ABSTRACT. Adopted by the United Nations in 2015, the Sustainable Development Goals (SDGs) offer a globally shared opportunity to change the directions of science, technology and innovation (STI) to contribute to a better and more sustainable future for everyone. STI can help address many SDG challenges, for example, by increasing access to safe and nutritious food, improving per capita economic growth, or enhancing access to trans- port systems. However, in doing so, STI can also undermine progress towards some of the goals, for example, through carbon emissions or the pollution of water basins.

So how can we steer STI activities towards solving, rather than exacerbating, SDG challenges? Just doing more R&D will not contribute to achieving the SDGs. Depending on the directions of the associated STI, it can, in fact, undermine progress towards them. Determining how to invest in research and development for the SDGs is not a simple task. There is no single definitive perspective or STI direction for addressing any particular SDG. Each SDG challenge can be viewed differently, according to diverse and plural understandings, values, interests and STI priorities.

To help understand and better address the challenges of investing in STI for the SDGs, while embracing the complex relationship between STI and the SDGs, we carried out a major global study to determine how and to what extent the world’s STI priorities are aligned with the goals.
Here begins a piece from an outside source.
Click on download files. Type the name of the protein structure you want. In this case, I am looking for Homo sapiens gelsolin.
We analysed scientific publications and patents data to gather quantitative information about global research and innovation priorities, and how these align with SDG challenges. We conducted a global survey of stakeholders to explore views about what types of STI are needed in the future to help achieve the SDGs. This allowed us to consider the alignment between current and desired STI priorities. We interviewed local STI users, including fishers, farmers and researchers, to explore how different actors, each with their own priorities, are shaping local STI pathways to tackle specific sustainability challenges. We then appraised stakeholders’ views about how far each pathway aligns with sustainable development objectives. We produced data, mappings and case studies to gain a better understanding of STI priorities and to illustrate how such evidence and methods could be used in other contexts, according to plural interpretations of SDG challenges and STI pathways.
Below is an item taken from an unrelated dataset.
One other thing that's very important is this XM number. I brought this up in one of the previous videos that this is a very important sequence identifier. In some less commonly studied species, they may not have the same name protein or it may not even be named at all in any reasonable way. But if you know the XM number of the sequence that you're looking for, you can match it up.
By combining these analyses, we gained deep insights into the way that particular STI priorities emerge both locally and globally, and how STI can be steered to improve alignment with the SDGs. Our results can help policymakers, research funders, academics, international organizations (INGOs) and aid organizations to make informed decisions about investing in research and innovation that will address the SDGs and ultimately create a positive impact on society.